Given information:
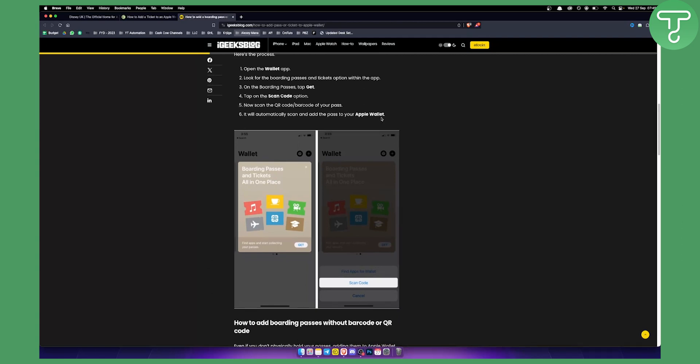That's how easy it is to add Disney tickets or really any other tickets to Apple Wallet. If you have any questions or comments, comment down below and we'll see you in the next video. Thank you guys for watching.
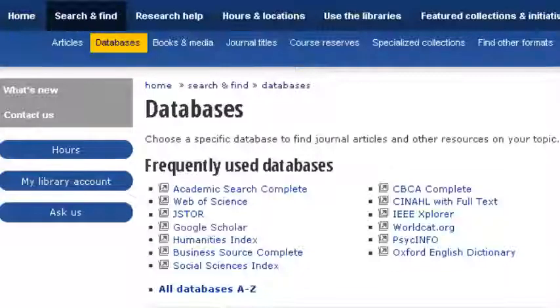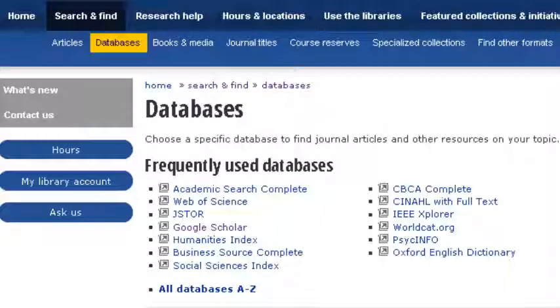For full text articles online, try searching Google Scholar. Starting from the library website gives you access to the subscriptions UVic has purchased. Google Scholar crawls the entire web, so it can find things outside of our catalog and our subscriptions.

==

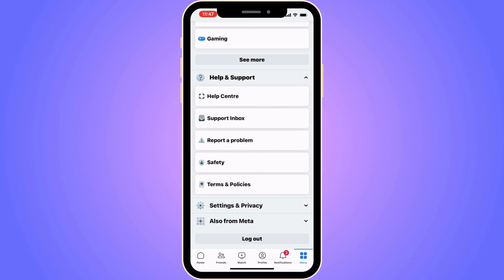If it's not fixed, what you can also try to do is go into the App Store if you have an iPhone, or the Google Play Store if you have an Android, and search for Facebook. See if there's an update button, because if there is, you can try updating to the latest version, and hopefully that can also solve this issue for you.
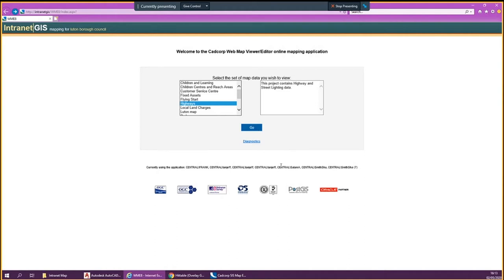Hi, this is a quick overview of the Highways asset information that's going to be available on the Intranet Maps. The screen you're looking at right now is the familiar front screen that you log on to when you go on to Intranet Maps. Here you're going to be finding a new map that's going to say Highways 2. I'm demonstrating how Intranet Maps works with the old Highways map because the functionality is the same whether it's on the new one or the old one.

==

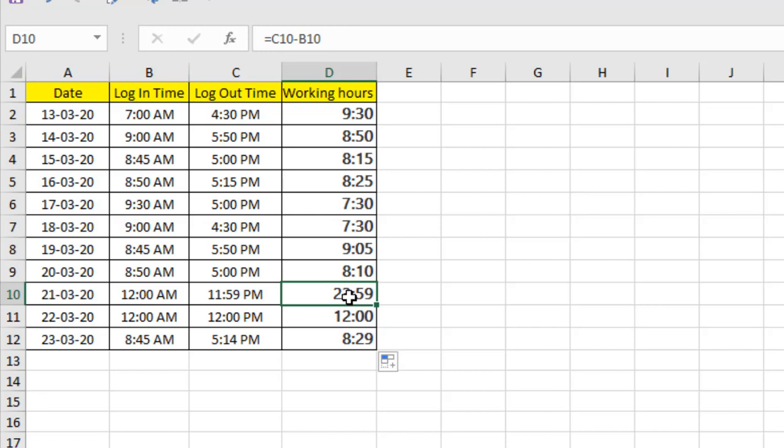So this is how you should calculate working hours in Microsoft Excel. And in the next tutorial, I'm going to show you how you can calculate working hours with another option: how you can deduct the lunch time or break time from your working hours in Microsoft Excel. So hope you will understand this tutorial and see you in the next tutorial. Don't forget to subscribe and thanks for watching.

Task item:
Everything above from the line containing "If it's not" through the line containing "Hi, this is" must be repeated exactly, and the pictures must be left out.

Answer to the exercise:
If it's not fixed, what you can also try to do is go into the App Store if you have an iPhone, or the Google Play Store if you have an Android, and search for Facebook. See if there's an update button, because if there is, you can try updating to the latest version, and hopefully that can also solve this issue for you.
Hi, this is a quick overview of the Highways asset information that's going to be available on the Intranet Maps. The screen you're looking at right now is the familiar front screen that you log on to when you go on to Intranet Maps. Here you're going to be finding a new map that's going to say Highways 2. I'm demonstrating how Intranet Maps works with the old Highways map because the functionality is the same whether it's on the new one or the old one.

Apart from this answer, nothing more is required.